■ Problem ■
All records should be written out again exactly.

■ Data for processing ■
---

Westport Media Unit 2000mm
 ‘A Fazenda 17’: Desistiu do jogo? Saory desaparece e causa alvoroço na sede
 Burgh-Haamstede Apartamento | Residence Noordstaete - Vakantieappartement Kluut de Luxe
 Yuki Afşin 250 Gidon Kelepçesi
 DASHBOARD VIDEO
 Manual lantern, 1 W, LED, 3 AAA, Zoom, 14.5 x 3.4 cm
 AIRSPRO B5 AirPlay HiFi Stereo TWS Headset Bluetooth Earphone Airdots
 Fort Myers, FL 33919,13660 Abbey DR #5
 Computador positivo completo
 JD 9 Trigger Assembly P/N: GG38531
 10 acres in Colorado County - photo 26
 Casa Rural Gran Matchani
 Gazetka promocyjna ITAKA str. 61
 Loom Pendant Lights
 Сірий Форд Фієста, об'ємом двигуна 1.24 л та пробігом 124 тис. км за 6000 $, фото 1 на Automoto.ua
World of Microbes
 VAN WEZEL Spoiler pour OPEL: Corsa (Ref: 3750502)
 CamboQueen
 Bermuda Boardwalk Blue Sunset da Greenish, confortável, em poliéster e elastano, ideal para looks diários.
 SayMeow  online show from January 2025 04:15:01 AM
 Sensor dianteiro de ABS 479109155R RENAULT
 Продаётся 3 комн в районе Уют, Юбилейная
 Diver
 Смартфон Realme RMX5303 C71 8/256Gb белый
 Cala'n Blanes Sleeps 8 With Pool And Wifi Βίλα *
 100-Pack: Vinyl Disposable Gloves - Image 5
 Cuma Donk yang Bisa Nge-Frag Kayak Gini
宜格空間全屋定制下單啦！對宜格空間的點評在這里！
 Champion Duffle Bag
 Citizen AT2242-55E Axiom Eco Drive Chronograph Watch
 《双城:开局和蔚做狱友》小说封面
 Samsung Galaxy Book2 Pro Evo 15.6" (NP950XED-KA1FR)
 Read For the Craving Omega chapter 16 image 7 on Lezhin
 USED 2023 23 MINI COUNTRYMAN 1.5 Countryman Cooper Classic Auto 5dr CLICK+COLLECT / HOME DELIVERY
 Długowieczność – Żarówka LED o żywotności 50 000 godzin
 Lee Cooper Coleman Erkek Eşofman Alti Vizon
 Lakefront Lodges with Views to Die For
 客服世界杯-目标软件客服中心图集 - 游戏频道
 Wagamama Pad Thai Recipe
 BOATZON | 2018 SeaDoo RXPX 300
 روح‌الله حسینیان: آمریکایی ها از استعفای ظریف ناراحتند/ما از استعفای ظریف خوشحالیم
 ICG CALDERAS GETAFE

---

■ Solution ■
Westport Media Unit 2000mm
 ‘A Fazenda 17’: Desistiu do jogo? Saory desaparece e causa alvoroço na sede
 Burgh-Haamstede Apartamento | Residence Noordstaete - Vakantieappartement Kluut de Luxe
 Yuki Afşin 250 Gidon Kelepçesi
 DASHBOARD VIDEO
 Manual lantern, 1 W, LED, 3 AAA, Zoom, 14.5 x 3.4 cm
 AIRSPRO B5 AirPlay HiFi Stereo TWS Headset Bluetooth Earphone Airdots
 Fort Myers, FL 33919,13660 Abbey DR #5
 Computador positivo completo
 JD 9 Trigger Assembly P/N: GG38531
 10 acres in Colorado County - photo 26
 Casa Rural Gran Matchani
 Gazetka promocyjna ITAKA str. 61
 Loom Pendant Lights
 Сірий Форд Фієста, об'ємом двигуна 1.24 л та пробігом 124 тис. км за 6000 $, фото 1 на Automoto.ua
World of Microbes
 VAN WEZEL Spoiler pour OPEL: Corsa (Ref: 3750502)
 CamboQueen
 Bermuda Boardwalk Blue Sunset da Greenish, confortável, em poliéster e elastano, ideal para looks diários.
 SayMeow  online show from January 2025 04:15:01 AM
 Sensor dianteiro de ABS 479109155R RENAULT
 Продаётся 3 комн в районе Уют, Юбилейная
 Diver
 Смартфон Realme RMX5303 C71 8/256Gb белый
 Cala'n Blanes Sleeps 8 With Pool And Wifi Βίλα *
 100-Pack: Vinyl Disposable Gloves - Image 5
 Cuma Donk yang Bisa Nge-Frag Kayak Gini
宜格空間全屋定制下單啦！對宜格空間的點評在這里！
 Champion Duffle Bag
 Citizen AT2242-55E Axiom Eco Drive Chronograph Watch
 《双城:开局和蔚做狱友》小说封面
 Samsung Galaxy Book2 Pro Evo 15.6" (NP950XED-KA1FR)
 Read For the Craving Omega chapter 16 image 7 on Lezhin
 USED 2023 23 MINI COUNTRYMAN 1.5 Countryman Cooper Classic Auto 5dr CLICK+COLLECT / HOME DELIVERY
 Długowieczność – Żarówka LED o żywotności 50 000 godzin
 Lee Cooper Coleman Erkek Eşofman Alti Vizon
 Lakefront Lodges with Views to Die For
 客服世界杯-目标软件客服中心图集 - 游戏频道
 Wagamama Pad Thai Recipe
 BOATZON | 2018 SeaDoo RXPX 300
 روح‌الله حسینیان: آمریکایی ها از استعفای ظریف ناراحتند/ما از استعفای ظریف خوشحالیم
 ICG CALDERAS GETAFE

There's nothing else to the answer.